WHAT IS BEING ASKED: Beginning with the line that holds "MightySkins Glossy Glitter" and ending with the last line of the entries below, copy every line exactly and nothing else, with the pictures left out.

RECORDS:
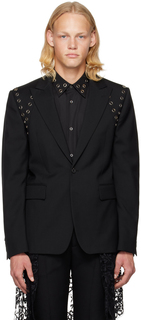 Черный пиджак с люверсами Alexander McQueen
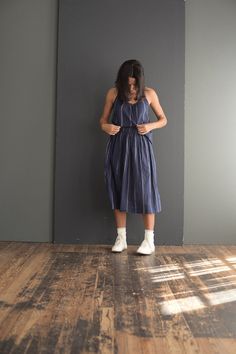 Bsbee signature skirt Gemma in Navy Stripe. Elastic waist with inside drawstring. 100% khadi cotton made by hand. Made in India. Cotton Dresses With Relaxed Gathered Skirt, Cotton Dresses With Gathered Relaxed Skirt, Cotton Dress With Relaxed Gathered Skirt, Relaxed Fit Cotton Dress With Gathered Skirt, Peter Pan Collar Blouse, Petal Sleeve, Sea New York, Collar Blouse, Navy Stripes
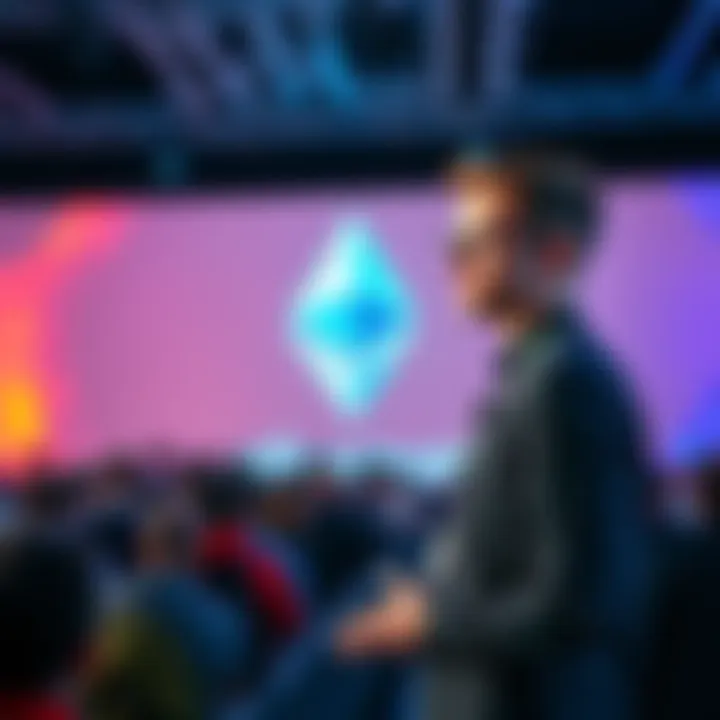 Vitalik Buterin speaks at a conference about changing Ethereum's scaling strategy, with a backdrop of Ethereum's logo and a crowd of attendees.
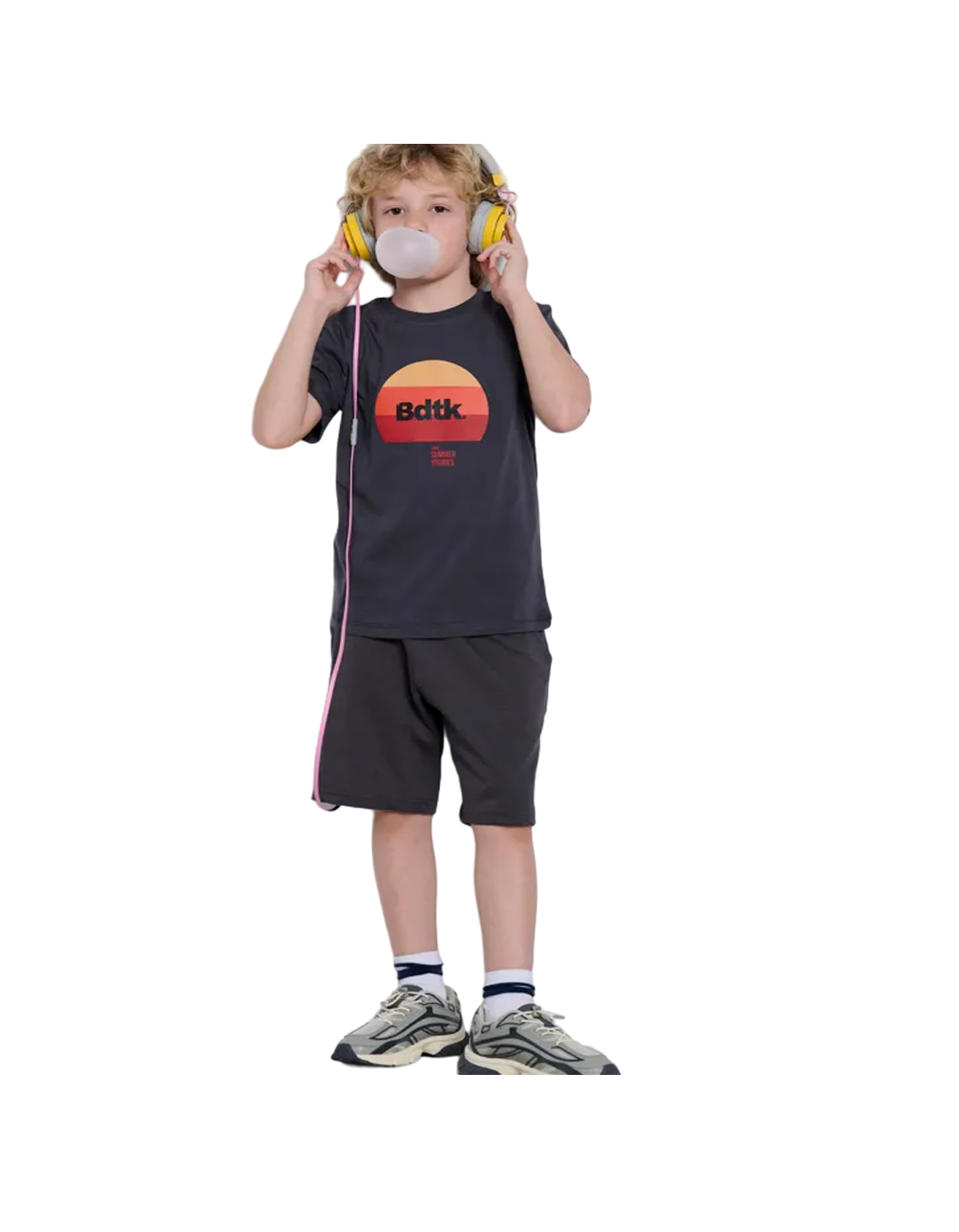 Παιδική κοντομάνικη μπλούζα Bdtk για αγόρι, γκρι ποντικί, Regular Fit, 1000% βαμβάκι.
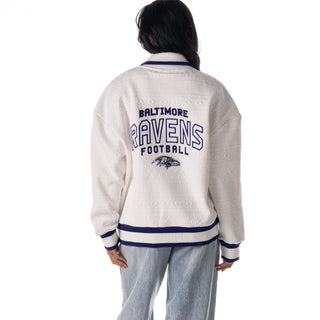 Baltimore Ravens Unisex Embossed Cable Knit Bomber - Vintage-Bomber Jacket-thewildcollective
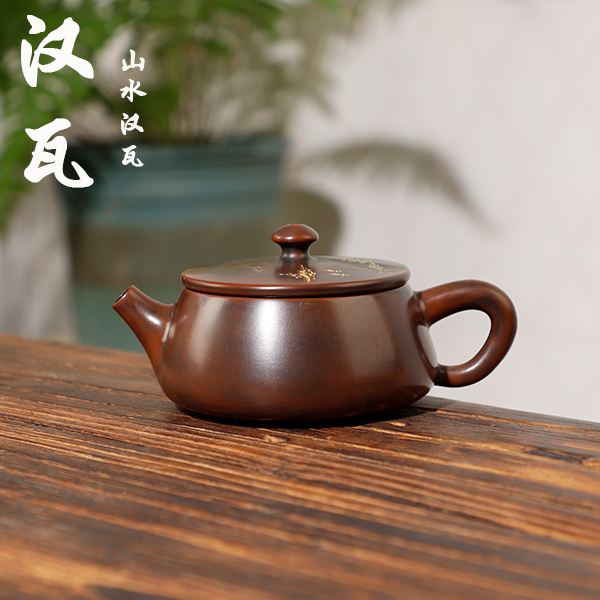 【可提可转】宽口汉瓦壶钦州坭兴陶220ml实用全手工红古铜原矿紫泥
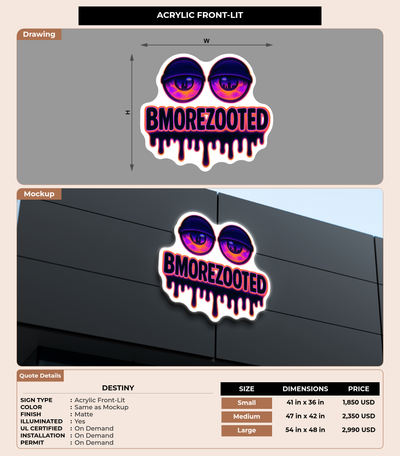CUSTOM MOCKUP SIGN FOR Destiny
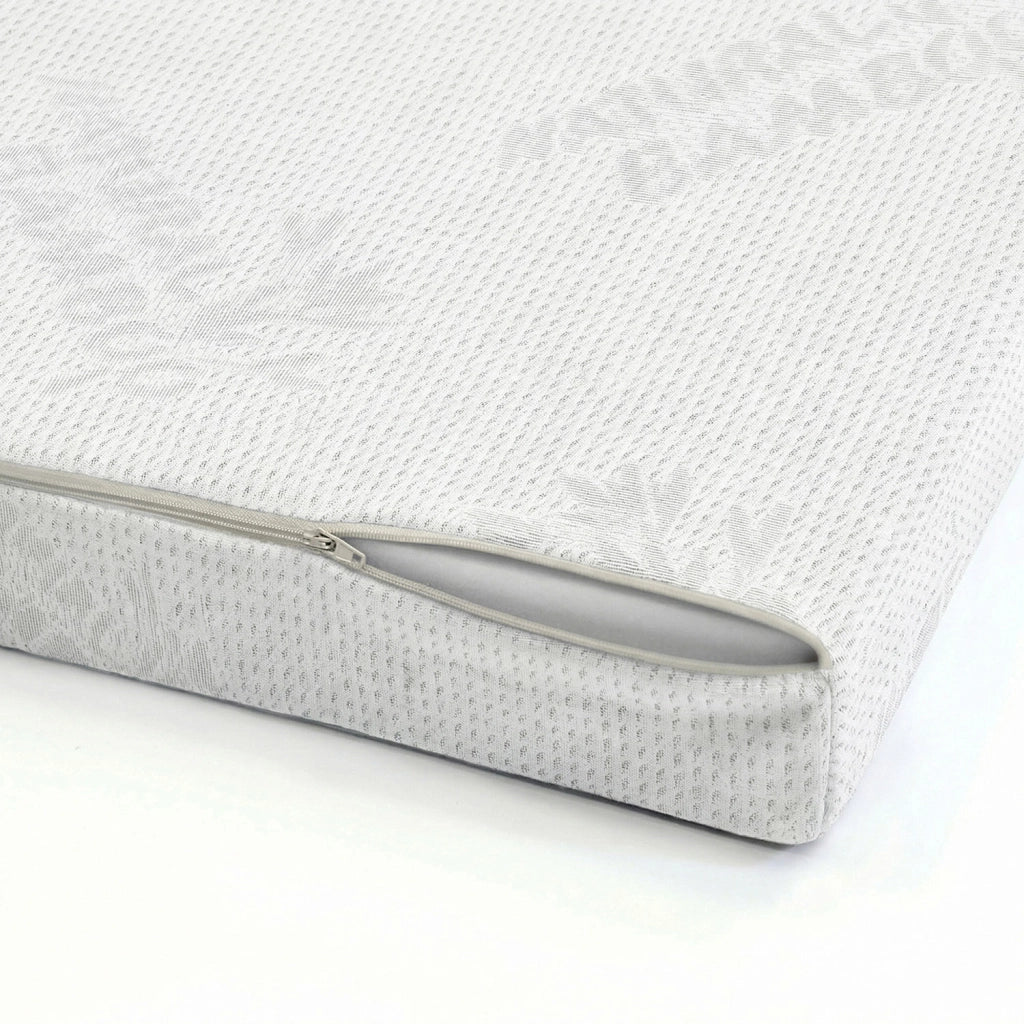 Topper Memory Con Fodera Matrimoniale 160x190 cm in Poliestere e Bamboo Bianco
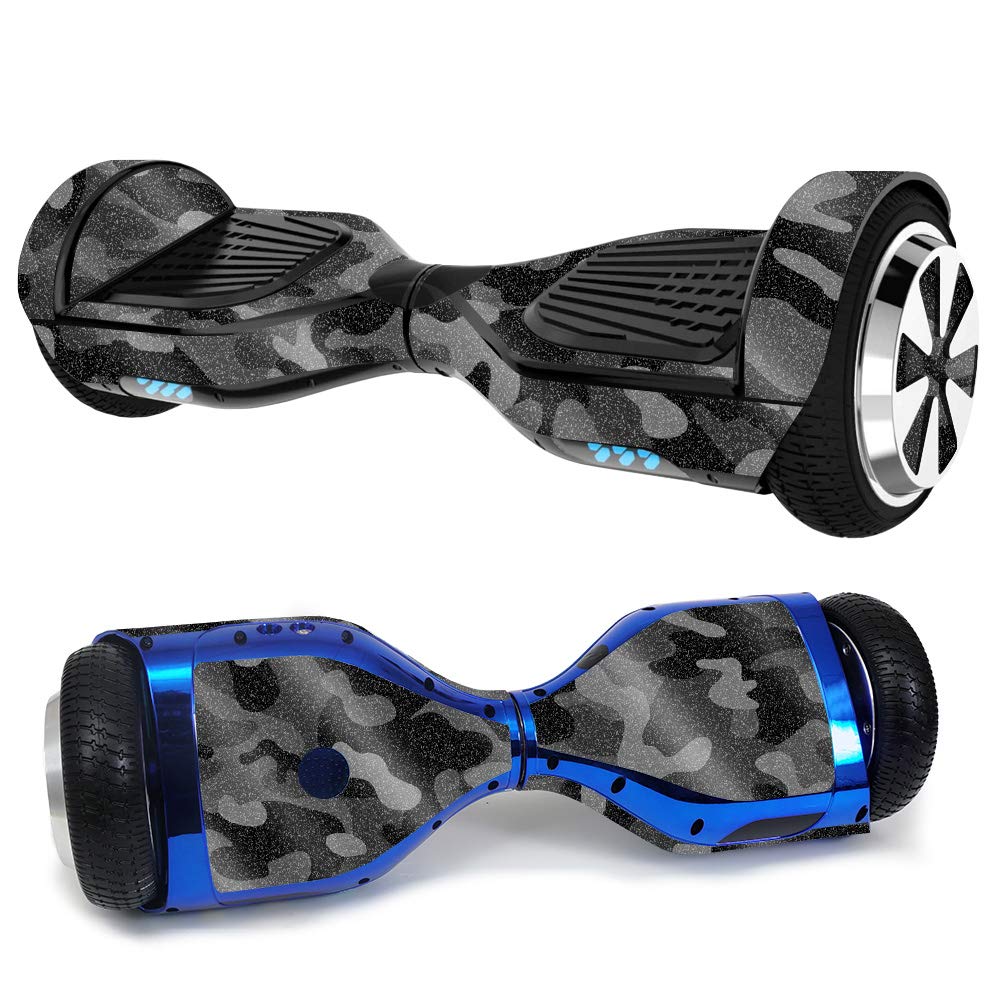 MightySkins Glossy Glitter Protective Skin Cover for Ultra Hoverboard - Black Camo Design | Durable Scratch-Resistant Vinyl Wrap | Easy to Apply & Remove | Made in USA | Perfect for Personalizing Hoverboards, Electric Scooters & Ride-On Toys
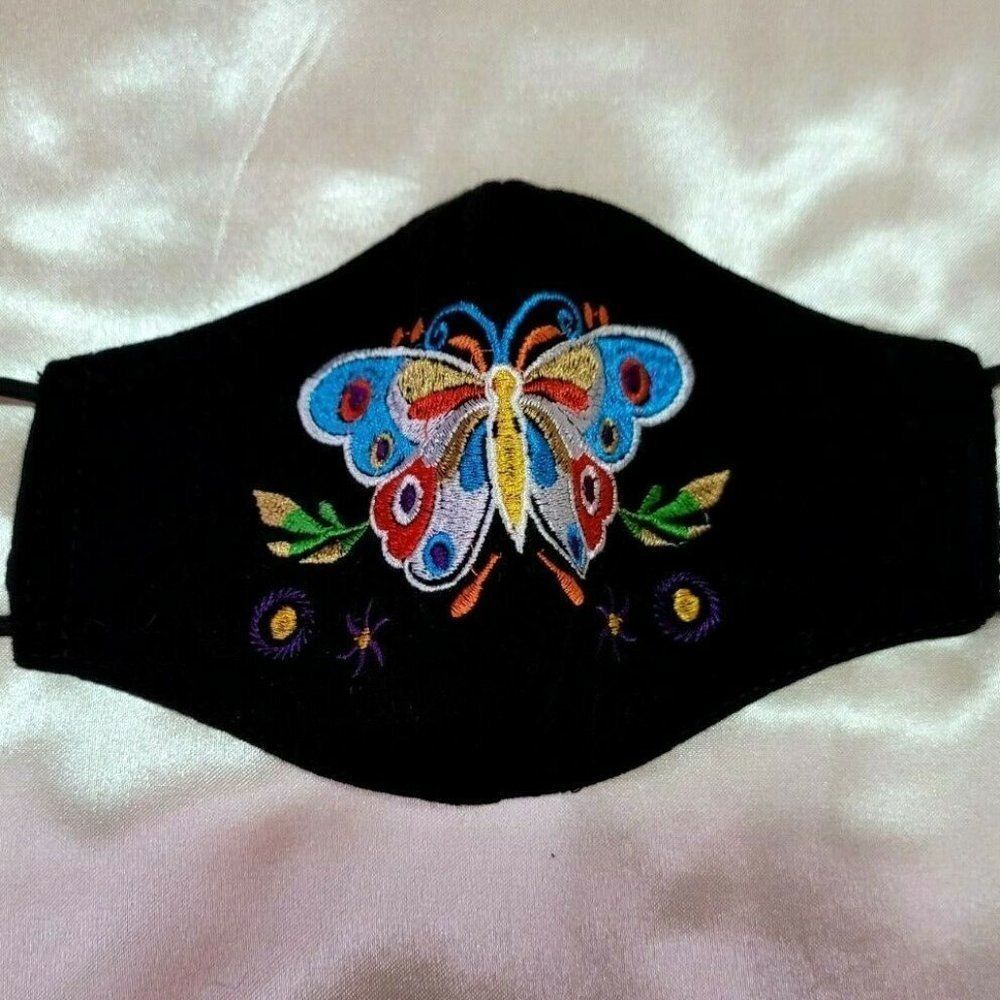 Mexican Embroidered Handmade Face Mask Cubrebocas Artesanal Triple Layer…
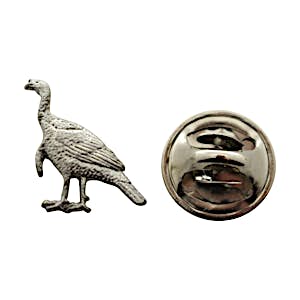 Alert Turkey Mini Pin ~ Antiqued Pewter ~ Miniature Lapel Pin ~ Sarah's Treats & Treasures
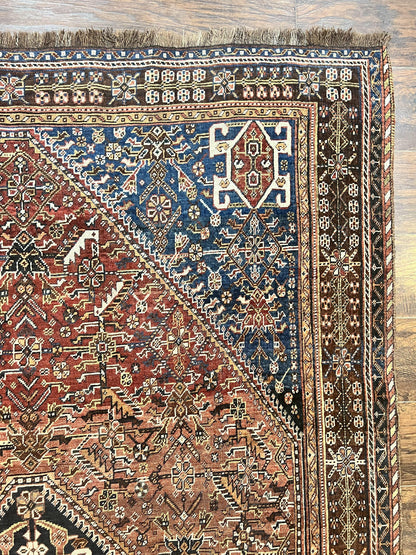 Antique Persian Shiraz Tribal Rug 6x8 Hand Knotted Wool Carpet Red Blue Geometric Design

THE COMPLETED TASK:
 MightySkins Glossy Glitter Protective Skin Cover for Ultra Hoverboard - Black Camo Design | Durable Scratch-Resistant Vinyl Wrap | Easy to Apply & Remove | Made in USA | Perfect for Personalizing Hoverboards, Electric Scooters & Ride-On Toys
 Mexican Embroidered Handmade Face Mask Cubrebocas Artesanal Triple Layer…
 Alert Turkey Mini Pin ~ Antiqued Pewter ~ Miniature Lapel Pin ~ Sarah's Treats & Treasures
 Antique Persian Shiraz Tribal Rug 6x8 Hand Knotted Wool Carpet Red Blue Geometric Design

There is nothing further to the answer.